Exercise details: Each record, minus any picture, should be returned exactly as written.

The records:
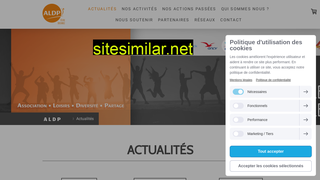 aldp-asso.fr alternative sites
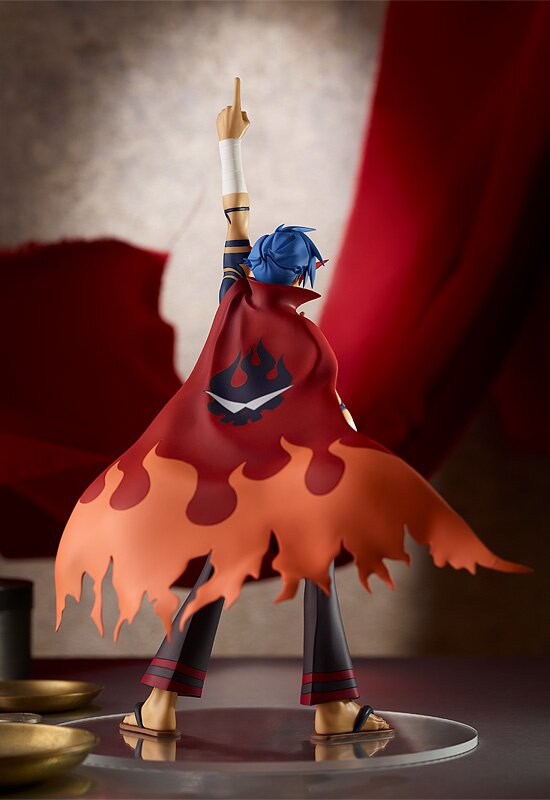 Pop Up Parade Tengen Toppa Gurren Lagann Kamina: Good Smile Company - Tokyo  Otaku Mode (TOM)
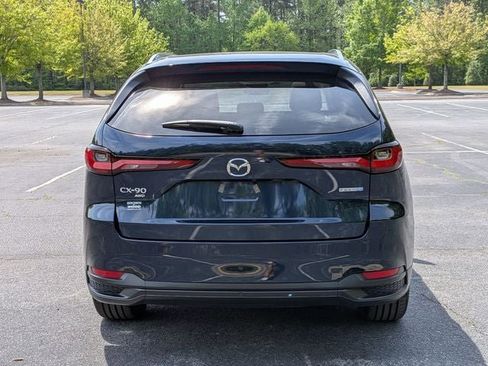 New 2026 MAZDA CX-90 Plug-In Hybrid w/ Preferred AWD/4WD image 4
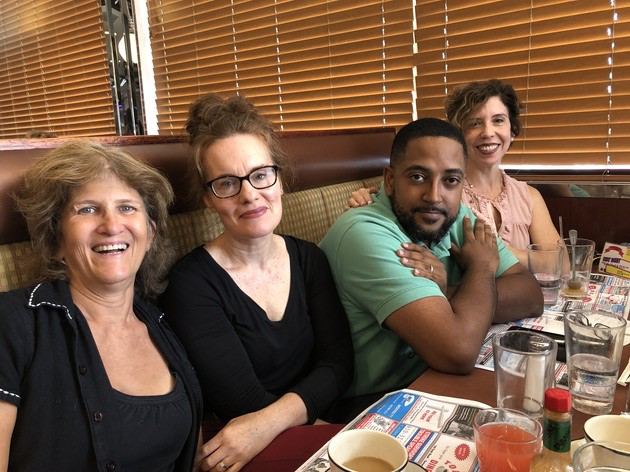 A Welcome Back Reading with the MFA Faculty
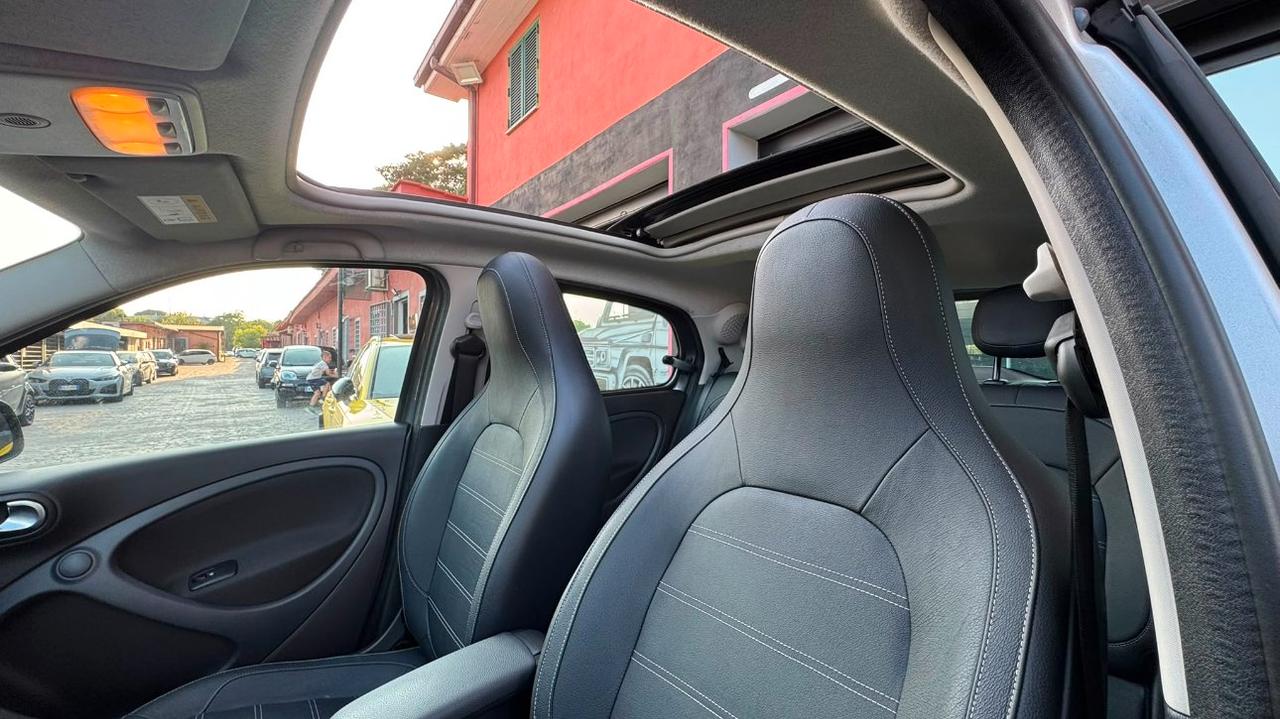 smart forFour PREZZO REALE! PRIME 1.0 CABRIO TETTO APRIBILE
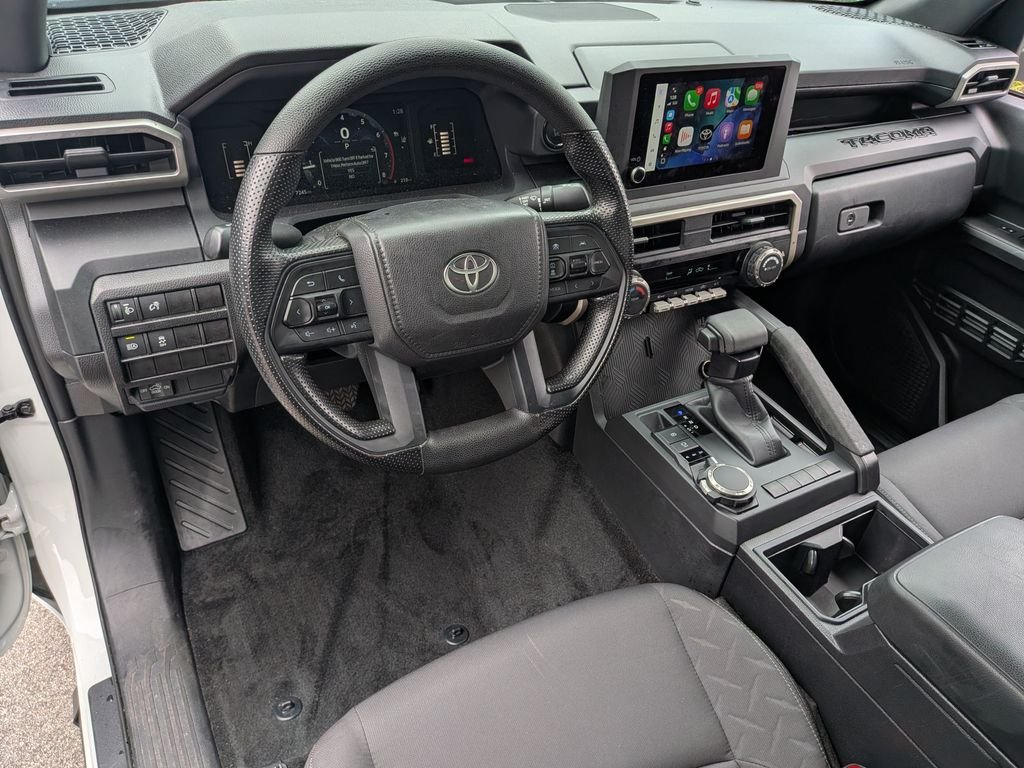 Certified Used 2025 White Toyota SR image 13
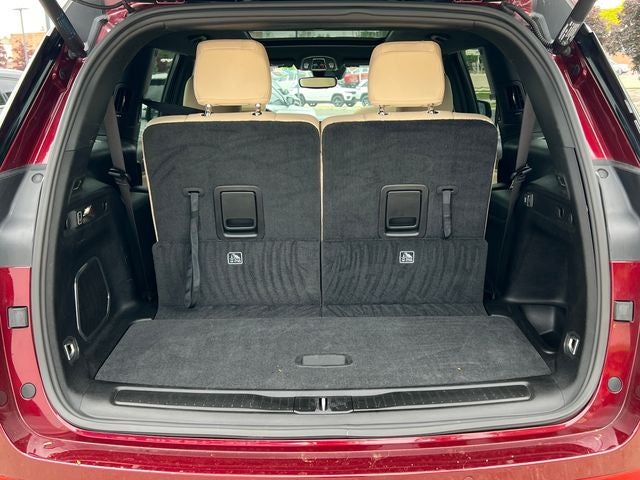 2024 Jeep Grand Cherokee L Limited 4x4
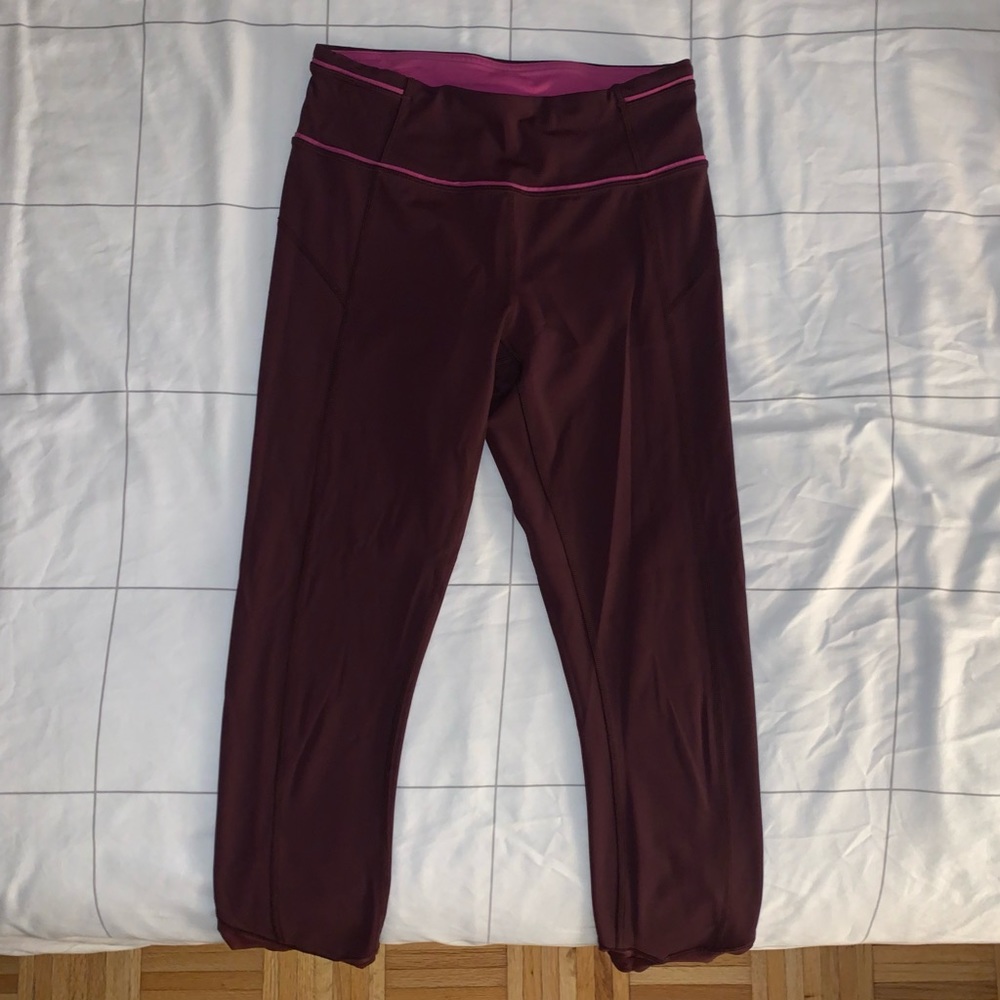 Lululemon High Rise Leggings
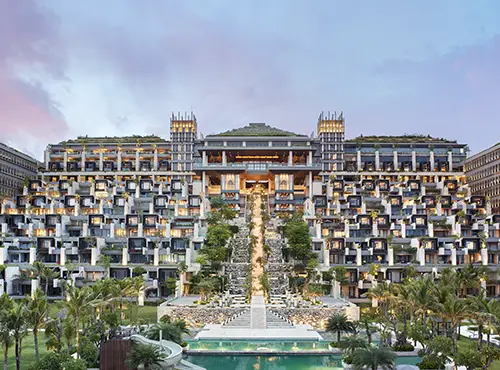 ジ・アプルヴァ・ケンピンスキー・バリ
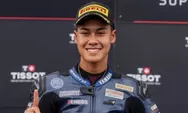 Target Finis 5 Besar, Aldi Satya Mahendra Siap Tempur di WorldSSP Aragon 2026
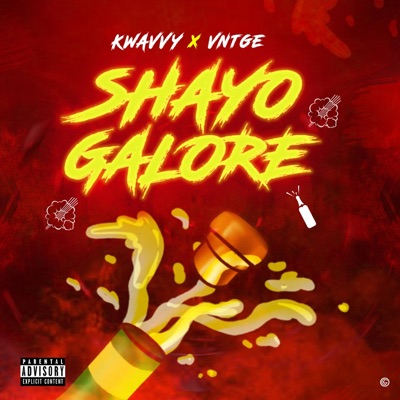Shayo Galore - Single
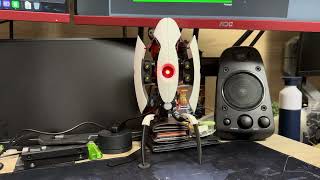 Portal Sentry Turret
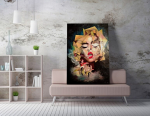 Dekoratyvinė drobės tapyba WY322 (50 x 70)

Finished exercise:
 aldp-asso.fr alternative sites
 Pop Up Parade Tengen Toppa Gurren Lagann Kamina: Good Smile Company - Tokyo  Otaku Mode (TOM)
 New 2026 MAZDA CX-90 Plug-In Hybrid w/ Preferred AWD/4WD image 4
 A Welcome Back Reading with the MFA Faculty
 smart forFour PREZZO REALE! PRIME 1.0 CABRIO TETTO APRIBILE
 Certified Used 2025 White Toyota SR image 13
 2024 Jeep Grand Cherokee L Limited 4x4
 Lululemon High Rise Leggings
 ジ・アプルヴァ・ケンピンスキー・バリ
 Target Finis 5 Besar, Aldi Satya Mahendra Siap Tempur di WorldSSP Aragon 2026
Shayo Galore - Single
 Portal Sentry Turret
 Dekoratyvinė drobės tapyba WY322 (50 x 70)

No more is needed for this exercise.